Re: 3Sat: 22:35 Uhr / Uhlenflug

#22

Beitrag von Knurrhuhn » So 11. Mär 2012, 11:34

Hallo Spottdrossel,

ich kann Dir nur sagen wie es in meiner eigenen Familie, so in den 1920er/30er Jahren, gewesen ist.

Mein Großvater väterlicherseits betrieb Selbstversorgung parallel zur Lohnarbeit. Er war bei der Bahn angestellt, in seinem Haus lebte er mit Frau und vier Kindern sowie seiner betagten Mutter, besaß einiges an Land und Waldstücken.
Im Garten wurde sämtliches Gemüse angebaut was man brauchte, es gab Obstwiesen, eine Kuh, Schweine, Hühner und Kaninchen. Im Wald und Flur wurde Brennholz gemacht, Kräuter und Pilze gesammelt, Beeren gepflückt, Eicheln zu Kaffee geröstet, Rüben zum "örtlichen Zuckerrübenkocher" gebracht der davon Rübenkraut kochte (ich meine das süße, zähe, dunkle Zeug!).
Ich glaube, es gab auch eine Ölmühle außerhalb des Dorfes wo Lein hingebracht wurde, bin mir da aber nicht mehr ganz sicher.
Ach ja, und im Krieg hat die Familie sogar Tabak selbst angebaut.

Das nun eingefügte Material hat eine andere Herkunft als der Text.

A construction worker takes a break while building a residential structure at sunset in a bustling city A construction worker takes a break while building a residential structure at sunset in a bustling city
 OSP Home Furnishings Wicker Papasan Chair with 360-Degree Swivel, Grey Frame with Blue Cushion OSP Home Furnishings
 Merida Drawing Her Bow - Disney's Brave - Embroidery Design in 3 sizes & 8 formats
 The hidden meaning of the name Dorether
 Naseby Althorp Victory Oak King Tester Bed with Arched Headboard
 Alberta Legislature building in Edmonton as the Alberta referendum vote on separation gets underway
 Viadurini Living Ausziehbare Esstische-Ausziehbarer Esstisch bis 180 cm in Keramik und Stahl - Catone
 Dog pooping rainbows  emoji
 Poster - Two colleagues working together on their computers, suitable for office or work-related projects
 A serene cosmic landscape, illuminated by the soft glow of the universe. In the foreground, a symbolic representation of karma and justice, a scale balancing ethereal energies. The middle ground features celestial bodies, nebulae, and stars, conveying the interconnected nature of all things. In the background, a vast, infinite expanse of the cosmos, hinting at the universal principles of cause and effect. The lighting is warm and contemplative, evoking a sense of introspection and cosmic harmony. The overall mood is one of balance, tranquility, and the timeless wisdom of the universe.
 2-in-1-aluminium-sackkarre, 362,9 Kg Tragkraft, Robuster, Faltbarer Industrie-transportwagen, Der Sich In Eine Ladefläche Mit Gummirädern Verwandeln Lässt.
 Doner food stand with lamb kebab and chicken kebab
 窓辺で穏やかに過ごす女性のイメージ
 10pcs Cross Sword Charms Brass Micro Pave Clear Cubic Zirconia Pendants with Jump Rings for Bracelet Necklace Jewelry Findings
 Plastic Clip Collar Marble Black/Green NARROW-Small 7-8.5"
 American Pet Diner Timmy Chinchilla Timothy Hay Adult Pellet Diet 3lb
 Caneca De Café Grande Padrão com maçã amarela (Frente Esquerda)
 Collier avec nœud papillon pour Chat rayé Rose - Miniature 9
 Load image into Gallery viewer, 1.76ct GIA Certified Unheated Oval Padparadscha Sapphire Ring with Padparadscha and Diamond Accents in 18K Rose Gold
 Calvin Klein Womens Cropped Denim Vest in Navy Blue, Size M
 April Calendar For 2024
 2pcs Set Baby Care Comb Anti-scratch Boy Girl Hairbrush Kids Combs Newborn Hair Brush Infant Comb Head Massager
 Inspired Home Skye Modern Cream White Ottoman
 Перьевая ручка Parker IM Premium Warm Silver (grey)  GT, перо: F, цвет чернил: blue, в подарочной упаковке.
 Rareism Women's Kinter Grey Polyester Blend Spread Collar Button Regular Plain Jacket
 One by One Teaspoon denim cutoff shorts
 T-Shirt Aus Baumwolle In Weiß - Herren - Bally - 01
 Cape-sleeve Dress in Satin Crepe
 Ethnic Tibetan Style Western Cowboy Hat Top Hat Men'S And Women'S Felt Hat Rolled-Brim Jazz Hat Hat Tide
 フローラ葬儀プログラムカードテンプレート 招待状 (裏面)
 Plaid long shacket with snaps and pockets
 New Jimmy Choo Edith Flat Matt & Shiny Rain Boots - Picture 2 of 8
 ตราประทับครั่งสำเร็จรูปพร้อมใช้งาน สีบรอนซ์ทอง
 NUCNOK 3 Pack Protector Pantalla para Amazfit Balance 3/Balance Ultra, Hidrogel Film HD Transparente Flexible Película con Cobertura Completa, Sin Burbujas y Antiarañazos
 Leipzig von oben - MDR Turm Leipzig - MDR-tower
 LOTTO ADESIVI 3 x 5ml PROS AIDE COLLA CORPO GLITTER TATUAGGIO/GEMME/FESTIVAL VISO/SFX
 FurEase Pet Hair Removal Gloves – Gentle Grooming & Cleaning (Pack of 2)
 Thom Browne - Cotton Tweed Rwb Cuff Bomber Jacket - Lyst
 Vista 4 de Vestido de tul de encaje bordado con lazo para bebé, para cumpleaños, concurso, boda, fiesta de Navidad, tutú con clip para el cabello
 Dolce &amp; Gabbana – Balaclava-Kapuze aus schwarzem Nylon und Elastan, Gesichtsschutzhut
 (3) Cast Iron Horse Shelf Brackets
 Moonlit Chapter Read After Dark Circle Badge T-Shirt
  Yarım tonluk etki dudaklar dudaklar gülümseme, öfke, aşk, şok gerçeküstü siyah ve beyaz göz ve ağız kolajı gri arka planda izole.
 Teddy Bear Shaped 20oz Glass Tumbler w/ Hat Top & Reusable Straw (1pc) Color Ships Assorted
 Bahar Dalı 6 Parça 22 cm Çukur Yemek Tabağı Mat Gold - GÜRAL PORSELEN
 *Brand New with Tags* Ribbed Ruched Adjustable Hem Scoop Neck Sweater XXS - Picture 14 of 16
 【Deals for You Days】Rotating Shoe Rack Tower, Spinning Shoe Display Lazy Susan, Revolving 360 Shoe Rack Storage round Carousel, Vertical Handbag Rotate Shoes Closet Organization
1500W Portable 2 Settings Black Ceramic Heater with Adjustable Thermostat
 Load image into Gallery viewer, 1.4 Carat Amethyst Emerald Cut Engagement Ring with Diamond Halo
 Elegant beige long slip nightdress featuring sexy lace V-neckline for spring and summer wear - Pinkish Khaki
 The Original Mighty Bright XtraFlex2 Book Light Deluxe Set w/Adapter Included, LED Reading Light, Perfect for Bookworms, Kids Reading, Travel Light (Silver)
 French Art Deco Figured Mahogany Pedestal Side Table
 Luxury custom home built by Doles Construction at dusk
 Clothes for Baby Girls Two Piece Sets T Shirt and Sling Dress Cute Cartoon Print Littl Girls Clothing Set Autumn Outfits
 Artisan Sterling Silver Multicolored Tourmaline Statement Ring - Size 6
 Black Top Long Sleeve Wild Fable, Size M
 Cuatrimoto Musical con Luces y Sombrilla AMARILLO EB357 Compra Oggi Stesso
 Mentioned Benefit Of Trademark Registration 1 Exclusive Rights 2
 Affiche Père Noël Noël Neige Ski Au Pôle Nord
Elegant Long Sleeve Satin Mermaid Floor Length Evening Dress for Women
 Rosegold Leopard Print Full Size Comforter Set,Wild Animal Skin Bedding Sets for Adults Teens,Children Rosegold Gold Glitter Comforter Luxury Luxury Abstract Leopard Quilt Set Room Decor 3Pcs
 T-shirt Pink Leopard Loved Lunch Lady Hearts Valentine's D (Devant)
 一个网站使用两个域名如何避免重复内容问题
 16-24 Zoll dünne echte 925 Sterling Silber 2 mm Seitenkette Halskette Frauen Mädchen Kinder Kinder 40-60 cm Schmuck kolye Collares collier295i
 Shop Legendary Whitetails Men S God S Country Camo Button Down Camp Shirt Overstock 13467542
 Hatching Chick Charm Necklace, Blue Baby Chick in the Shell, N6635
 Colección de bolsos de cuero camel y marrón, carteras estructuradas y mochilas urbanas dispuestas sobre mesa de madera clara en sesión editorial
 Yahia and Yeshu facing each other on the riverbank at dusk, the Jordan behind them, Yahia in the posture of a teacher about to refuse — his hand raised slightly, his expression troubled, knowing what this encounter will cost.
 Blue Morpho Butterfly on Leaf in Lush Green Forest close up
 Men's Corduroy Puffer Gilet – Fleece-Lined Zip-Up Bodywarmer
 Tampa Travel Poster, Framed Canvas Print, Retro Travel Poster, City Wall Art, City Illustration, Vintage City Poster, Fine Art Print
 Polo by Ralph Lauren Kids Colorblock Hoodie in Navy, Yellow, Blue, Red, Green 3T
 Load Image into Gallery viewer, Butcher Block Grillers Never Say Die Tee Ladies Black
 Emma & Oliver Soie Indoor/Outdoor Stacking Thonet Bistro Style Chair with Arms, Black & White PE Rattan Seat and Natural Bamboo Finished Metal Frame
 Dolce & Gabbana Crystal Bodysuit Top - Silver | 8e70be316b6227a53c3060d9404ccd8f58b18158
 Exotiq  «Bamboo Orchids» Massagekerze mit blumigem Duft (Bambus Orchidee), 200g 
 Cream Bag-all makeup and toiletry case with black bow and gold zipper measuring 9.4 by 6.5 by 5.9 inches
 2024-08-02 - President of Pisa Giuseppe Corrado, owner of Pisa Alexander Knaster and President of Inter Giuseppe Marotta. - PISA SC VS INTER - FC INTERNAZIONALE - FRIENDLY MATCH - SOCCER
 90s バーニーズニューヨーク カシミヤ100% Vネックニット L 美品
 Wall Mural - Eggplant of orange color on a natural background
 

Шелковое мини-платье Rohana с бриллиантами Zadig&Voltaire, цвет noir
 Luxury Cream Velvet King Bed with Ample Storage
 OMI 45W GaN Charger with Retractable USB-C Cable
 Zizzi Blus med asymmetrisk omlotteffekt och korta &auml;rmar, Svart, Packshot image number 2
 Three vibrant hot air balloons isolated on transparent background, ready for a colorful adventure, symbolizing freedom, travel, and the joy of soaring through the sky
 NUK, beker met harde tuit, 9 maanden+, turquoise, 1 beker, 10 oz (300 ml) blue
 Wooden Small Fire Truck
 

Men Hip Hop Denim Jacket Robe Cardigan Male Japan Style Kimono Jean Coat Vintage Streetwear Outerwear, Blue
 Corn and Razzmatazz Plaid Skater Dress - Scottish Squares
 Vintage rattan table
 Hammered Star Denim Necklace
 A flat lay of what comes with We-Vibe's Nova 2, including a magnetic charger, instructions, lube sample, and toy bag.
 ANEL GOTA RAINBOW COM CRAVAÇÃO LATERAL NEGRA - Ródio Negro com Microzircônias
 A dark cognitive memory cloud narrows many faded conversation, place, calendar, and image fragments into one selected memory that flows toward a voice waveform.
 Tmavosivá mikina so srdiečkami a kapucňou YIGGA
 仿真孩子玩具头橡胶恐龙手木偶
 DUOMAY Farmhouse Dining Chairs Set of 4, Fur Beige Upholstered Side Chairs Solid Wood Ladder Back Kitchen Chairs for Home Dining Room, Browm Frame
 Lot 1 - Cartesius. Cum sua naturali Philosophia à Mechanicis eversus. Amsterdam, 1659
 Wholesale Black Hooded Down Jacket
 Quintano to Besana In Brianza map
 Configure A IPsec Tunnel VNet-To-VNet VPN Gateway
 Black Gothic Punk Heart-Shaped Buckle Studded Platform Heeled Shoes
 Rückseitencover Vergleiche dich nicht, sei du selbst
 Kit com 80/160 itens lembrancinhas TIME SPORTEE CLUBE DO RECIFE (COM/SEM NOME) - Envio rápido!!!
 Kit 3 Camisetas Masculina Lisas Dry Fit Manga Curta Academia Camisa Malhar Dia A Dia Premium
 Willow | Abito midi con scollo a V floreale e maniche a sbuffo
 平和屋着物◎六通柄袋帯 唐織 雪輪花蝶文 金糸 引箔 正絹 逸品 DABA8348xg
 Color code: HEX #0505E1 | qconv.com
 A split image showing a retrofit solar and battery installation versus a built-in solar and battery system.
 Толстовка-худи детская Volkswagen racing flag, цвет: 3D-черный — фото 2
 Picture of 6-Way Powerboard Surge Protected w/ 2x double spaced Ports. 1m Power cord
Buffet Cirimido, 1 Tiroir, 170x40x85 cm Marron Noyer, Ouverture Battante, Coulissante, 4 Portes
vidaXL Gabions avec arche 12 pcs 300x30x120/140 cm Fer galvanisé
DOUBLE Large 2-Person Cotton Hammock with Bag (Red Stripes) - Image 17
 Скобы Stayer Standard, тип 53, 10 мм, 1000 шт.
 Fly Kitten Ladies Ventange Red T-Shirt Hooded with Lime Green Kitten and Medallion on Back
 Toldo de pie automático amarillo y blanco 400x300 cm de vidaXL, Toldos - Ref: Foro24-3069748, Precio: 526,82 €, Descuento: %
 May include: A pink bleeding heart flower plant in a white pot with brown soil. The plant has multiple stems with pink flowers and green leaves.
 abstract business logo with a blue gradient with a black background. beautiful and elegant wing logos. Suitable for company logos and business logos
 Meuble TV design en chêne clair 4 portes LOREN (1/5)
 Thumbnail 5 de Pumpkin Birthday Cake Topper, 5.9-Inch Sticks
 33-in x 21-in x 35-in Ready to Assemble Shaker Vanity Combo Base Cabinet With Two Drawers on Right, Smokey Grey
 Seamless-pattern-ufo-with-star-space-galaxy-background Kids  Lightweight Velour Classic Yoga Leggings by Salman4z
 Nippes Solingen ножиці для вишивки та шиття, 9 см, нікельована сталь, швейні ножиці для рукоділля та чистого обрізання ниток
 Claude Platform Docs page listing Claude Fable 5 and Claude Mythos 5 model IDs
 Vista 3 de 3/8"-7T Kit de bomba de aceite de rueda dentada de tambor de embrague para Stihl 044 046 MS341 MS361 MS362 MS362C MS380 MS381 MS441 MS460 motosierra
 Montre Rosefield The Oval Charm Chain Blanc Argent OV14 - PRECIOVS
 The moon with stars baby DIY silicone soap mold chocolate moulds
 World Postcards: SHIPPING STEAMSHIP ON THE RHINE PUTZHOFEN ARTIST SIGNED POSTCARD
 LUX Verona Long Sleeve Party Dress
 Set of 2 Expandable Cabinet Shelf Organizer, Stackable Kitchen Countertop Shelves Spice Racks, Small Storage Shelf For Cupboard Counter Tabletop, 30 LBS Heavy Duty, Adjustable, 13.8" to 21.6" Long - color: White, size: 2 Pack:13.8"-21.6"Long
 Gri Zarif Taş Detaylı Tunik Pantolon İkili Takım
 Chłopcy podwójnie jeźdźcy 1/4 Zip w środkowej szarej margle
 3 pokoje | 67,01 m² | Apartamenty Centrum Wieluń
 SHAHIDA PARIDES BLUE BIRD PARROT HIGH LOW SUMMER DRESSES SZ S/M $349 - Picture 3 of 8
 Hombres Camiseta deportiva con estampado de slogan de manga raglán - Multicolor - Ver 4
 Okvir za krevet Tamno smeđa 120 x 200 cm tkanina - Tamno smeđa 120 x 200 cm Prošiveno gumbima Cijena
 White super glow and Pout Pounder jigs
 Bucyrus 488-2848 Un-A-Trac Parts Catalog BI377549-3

Am Haus gab es Schuppen und Werkstatt, alles was man selbst machen konnte wurde selbst hergestellt. Mein Vater hat noch Stellmacher gelernt, ein Beruf der nur wenige Jahre später leider ausstarb.

Aber Deine Frage finde ich interessant - ich muß meinen Onkel mal fragen ob er noch weiß, was sein Großvater, also mein Ur-Opa, gemacht hat beruflich bzw. SV-mäßig.

Im Ruhrgebiet wurde neben der Arbeit im Bergwerk auch vieles noch selber angebaut oder Kaninchen gehalten.
Ist vielleicht auch ein Unterschied von der Stadt zum Land, und auch welche Zeit man als "früher" definiert ... oder, wo SV aufhört und gewerbliche Landwirtschaft beginnt?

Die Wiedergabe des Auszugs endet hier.